Exercise =
Copy out exactly the lines from the one containing "Купить Омега Neo+" through the end of the records, and no pictures.

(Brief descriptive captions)

◇ ◇ ◇

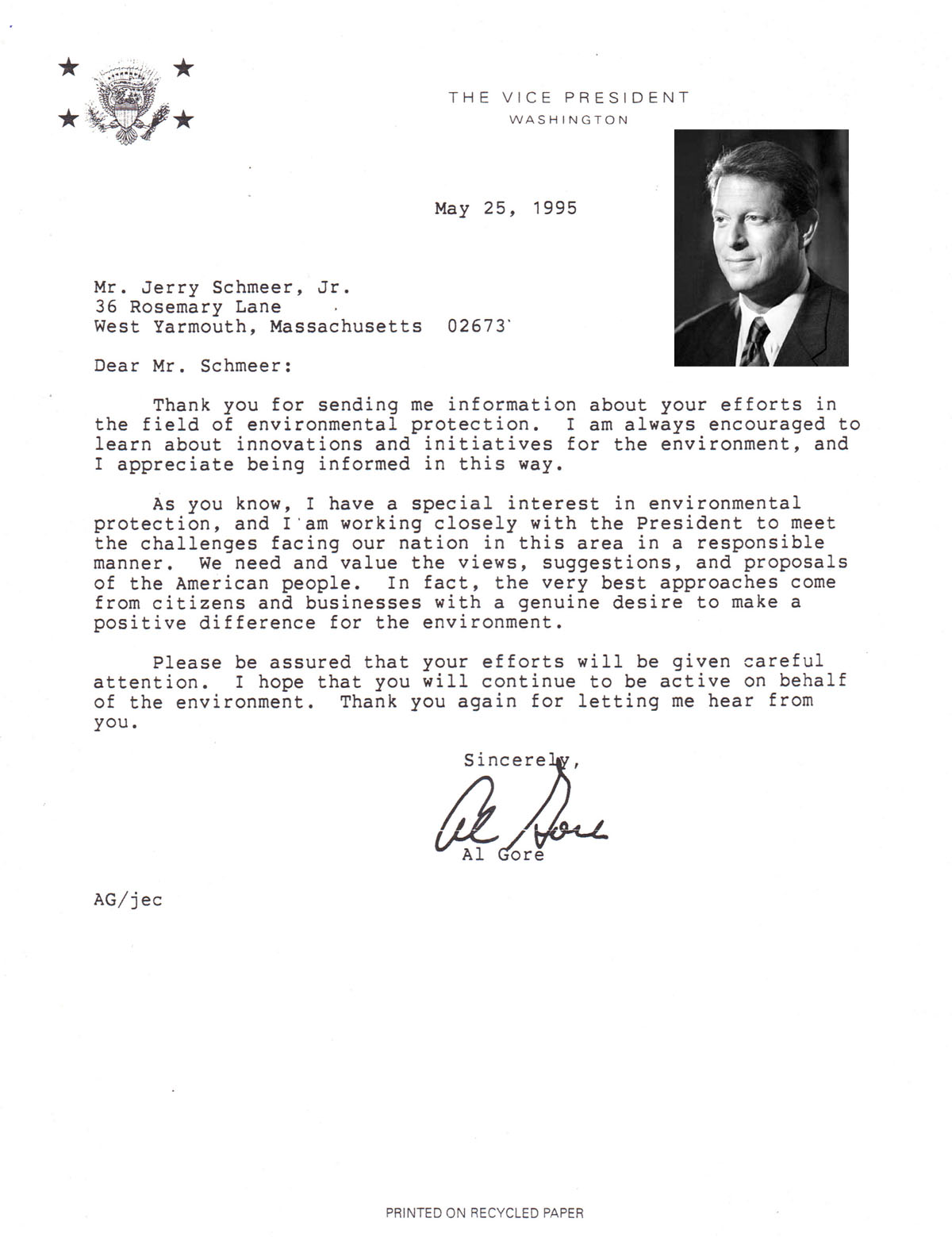 Scanned letter from the Office of the Vice President dated May 25, 1995.
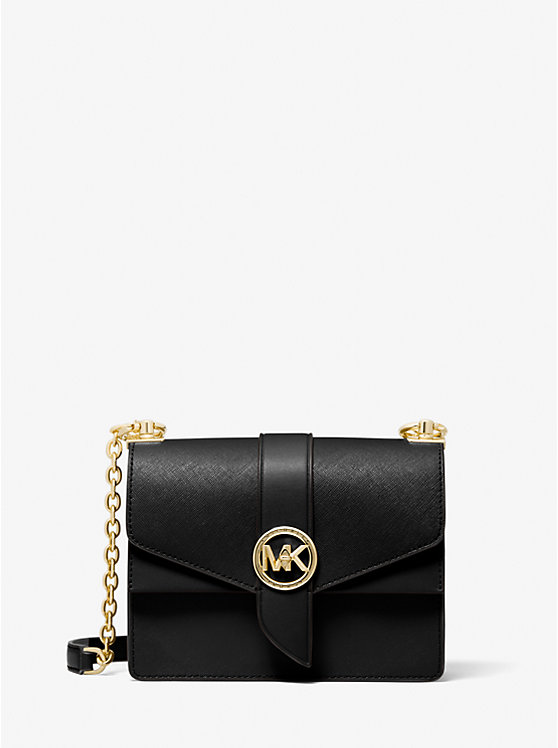 Női Michael Kors Greenwich Small Saffiano Leather Crossbody Táska Fekete | HU1087QMM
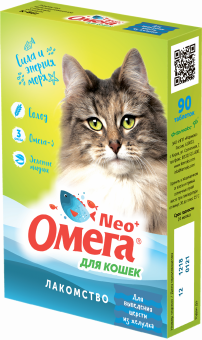 Купить Омега Neo+ Лакомство для выведения шерсти из желудка с солодом для кошек 90 таб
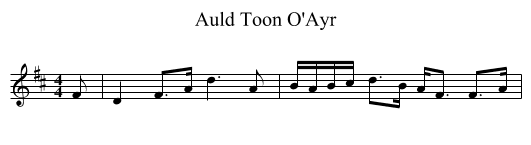 Auld Toon O'Ayr - staff notation
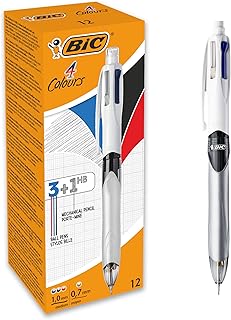 Bic 4 Colours Multifunctional Ballpoint Pen and HB Pencil Combo - Set of 12 - All in One Writing Instrument with Built in Eraser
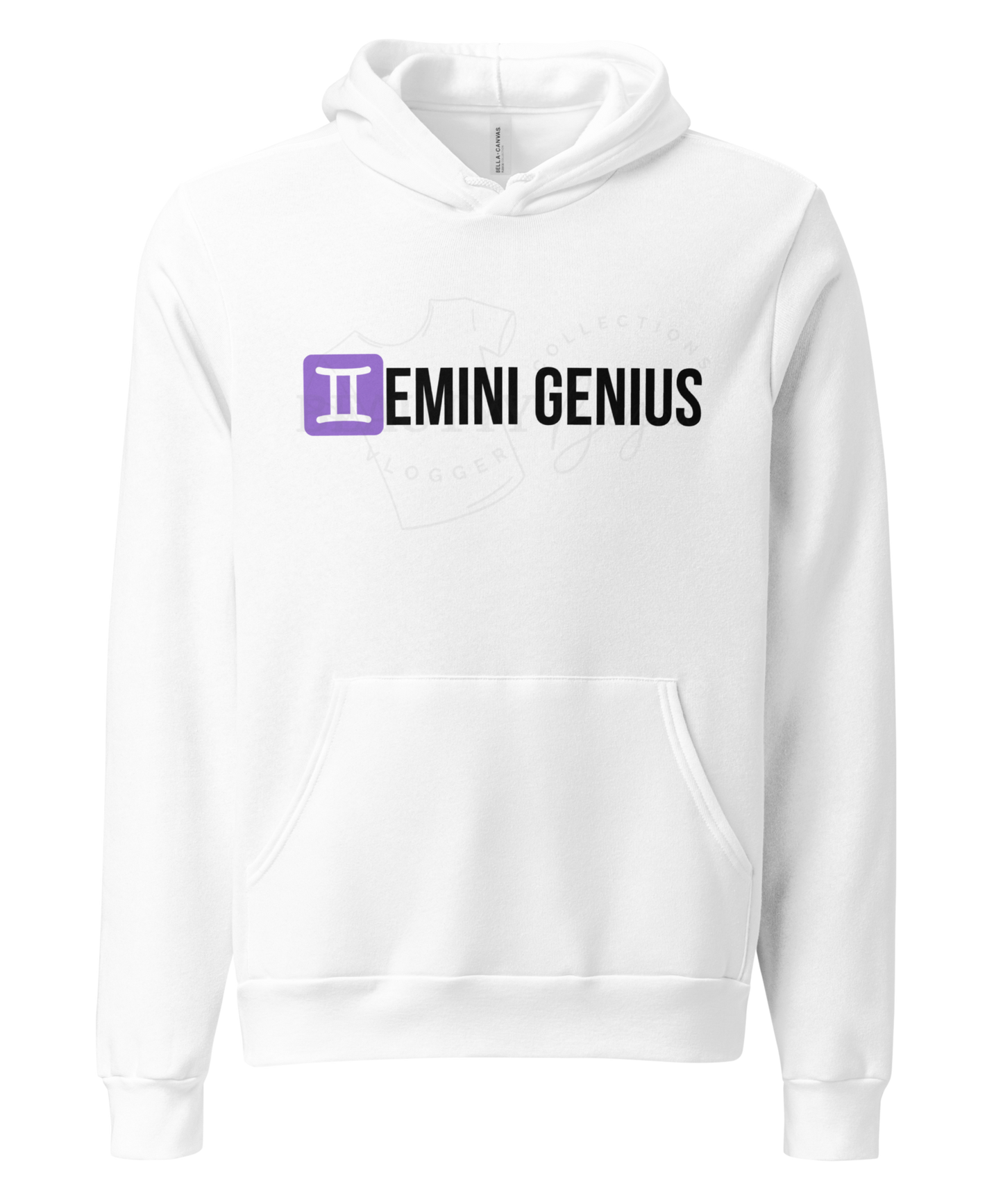 Twisted Zodiac Essence Unisex Hoodie – Gemini Edition (White)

◇ ◇ ◇

Written solution =
 Купить Омега Neo+ Лакомство для выведения шерсти из желудка с солодом для кошек 90 таб
 Auld Toon O'Ayr - staff notation
 Bic 4 Colours Multifunctional Ballpoint Pen and HB Pencil Combo - Set of 12 - All in One Writing Instrument with Built in Eraser
 Twisted Zodiac Essence Unisex Hoodie – Gemini Edition (White)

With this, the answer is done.